Entries provided –
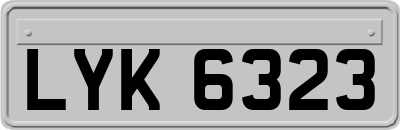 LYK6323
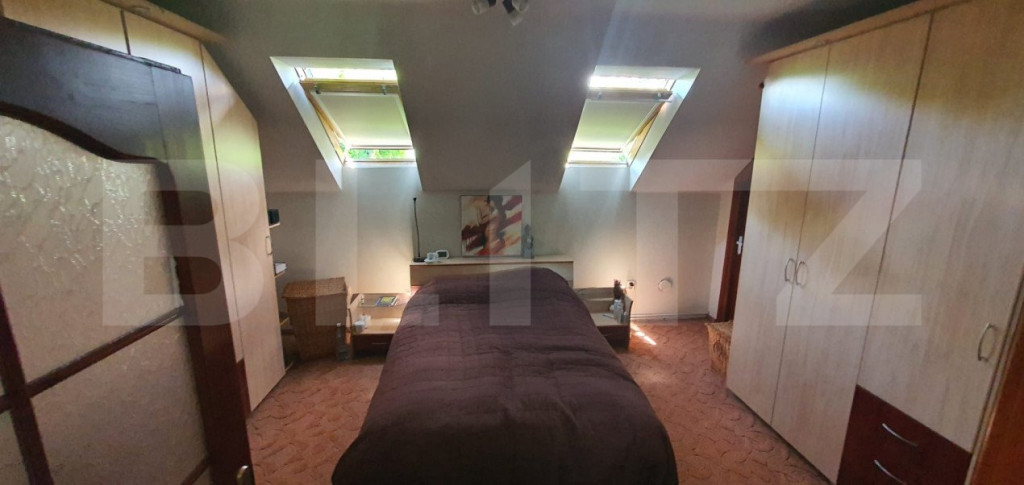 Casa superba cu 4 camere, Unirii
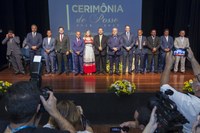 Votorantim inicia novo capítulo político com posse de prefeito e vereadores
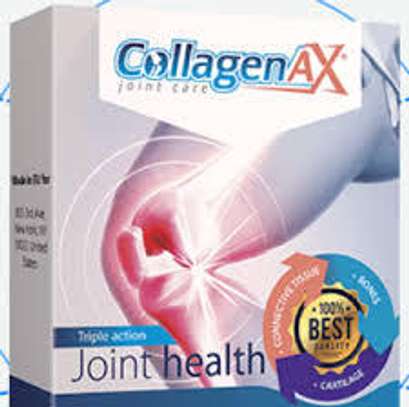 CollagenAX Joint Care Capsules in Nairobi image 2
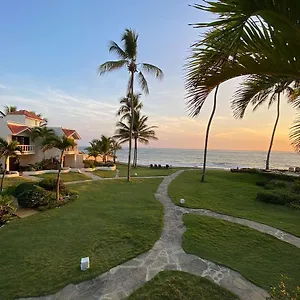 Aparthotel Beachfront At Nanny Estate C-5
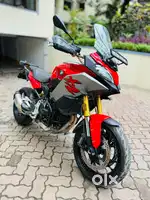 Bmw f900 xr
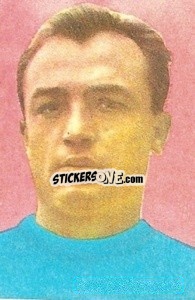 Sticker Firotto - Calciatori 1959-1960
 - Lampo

--

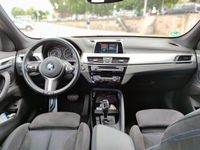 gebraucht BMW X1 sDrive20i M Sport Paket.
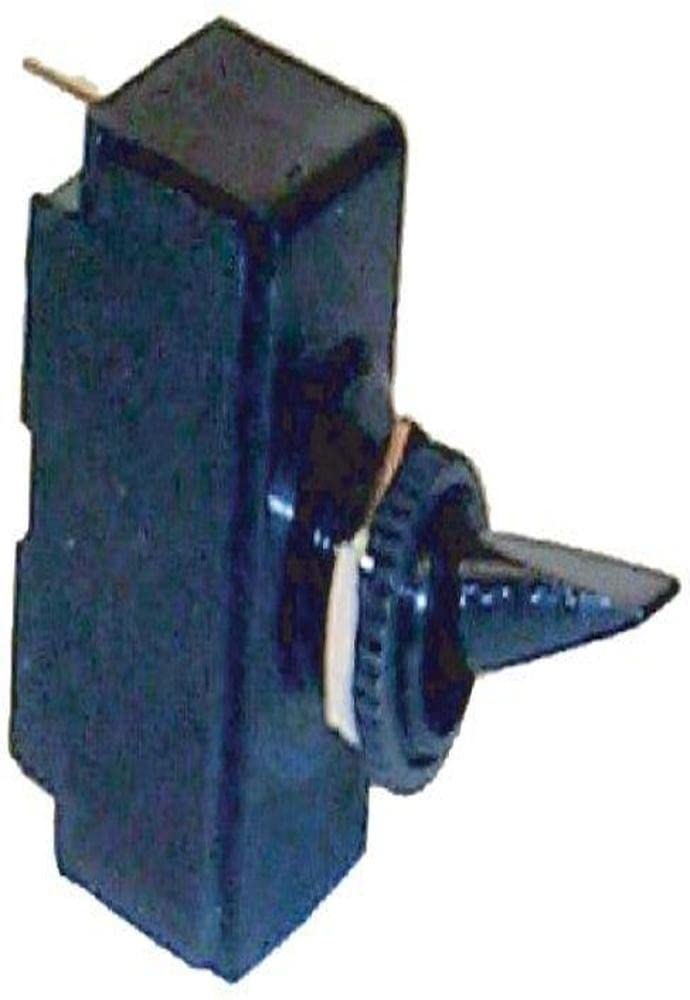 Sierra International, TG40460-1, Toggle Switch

--

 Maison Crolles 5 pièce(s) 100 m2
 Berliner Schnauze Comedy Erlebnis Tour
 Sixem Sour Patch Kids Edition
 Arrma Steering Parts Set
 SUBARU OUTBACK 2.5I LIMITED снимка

Problem description – Transcribe the records above from the line holding "Sixem Sour Patch Kids Edition" down to the line holding "SUBARU OUTBACK 2.5I LIMITED снимка", inclusive, without adding anything.

Solution to the problem –
 Sixem Sour Patch Kids Edition
 Arrma Steering Parts Set
 SUBARU OUTBACK 2.5I LIMITED снимка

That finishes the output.